Only one stretch of the data below should be repeated: the lines from the line containing "试用期转正工作汇报PPT主题" through the line containing "思源黑体 R11 Regular", inclusive, exactly as they are.

DATA PROVIDED Start Marker

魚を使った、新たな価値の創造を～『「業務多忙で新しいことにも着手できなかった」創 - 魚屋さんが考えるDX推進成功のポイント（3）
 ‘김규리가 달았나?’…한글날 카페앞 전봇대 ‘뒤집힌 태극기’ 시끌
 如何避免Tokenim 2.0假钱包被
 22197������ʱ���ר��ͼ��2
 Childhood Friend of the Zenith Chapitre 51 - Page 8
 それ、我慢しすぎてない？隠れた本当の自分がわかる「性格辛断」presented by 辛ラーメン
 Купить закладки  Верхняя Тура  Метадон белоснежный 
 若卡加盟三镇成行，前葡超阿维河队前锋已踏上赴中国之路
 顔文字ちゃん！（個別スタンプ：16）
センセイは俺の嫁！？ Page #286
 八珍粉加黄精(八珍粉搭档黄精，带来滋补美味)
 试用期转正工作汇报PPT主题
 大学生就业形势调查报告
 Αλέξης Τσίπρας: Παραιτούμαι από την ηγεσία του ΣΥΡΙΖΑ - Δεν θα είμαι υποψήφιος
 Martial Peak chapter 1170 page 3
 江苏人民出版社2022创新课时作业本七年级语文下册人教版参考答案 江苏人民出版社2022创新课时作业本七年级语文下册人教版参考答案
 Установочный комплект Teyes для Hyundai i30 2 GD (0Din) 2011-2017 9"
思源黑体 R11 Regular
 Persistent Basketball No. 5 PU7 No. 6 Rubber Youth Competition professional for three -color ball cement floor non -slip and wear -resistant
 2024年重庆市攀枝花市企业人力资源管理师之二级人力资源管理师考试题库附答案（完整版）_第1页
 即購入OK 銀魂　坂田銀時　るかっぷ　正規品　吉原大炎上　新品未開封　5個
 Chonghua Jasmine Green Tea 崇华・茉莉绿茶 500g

DATA PROVIDED End Marker

*RESULT OF THE EXERCISE*:
 试用期转正工作汇报PPT主题
 大学生就业形势调查报告
 Αλέξης Τσίπρας: Παραιτούμαι από την ηγεσία του ΣΥΡΙΖΑ - Δεν θα είμαι υποψήφιος
 Martial Peak chapter 1170 page 3
 江苏人民出版社2022创新课时作业本七年级语文下册人教版参考答案 江苏人民出版社2022创新课时作业本七年级语文下册人教版参考答案
 Установочный комплект Teyes для Hyundai i30 2 GD (0Din) 2011-2017 9"
思源黑体 R11 Regular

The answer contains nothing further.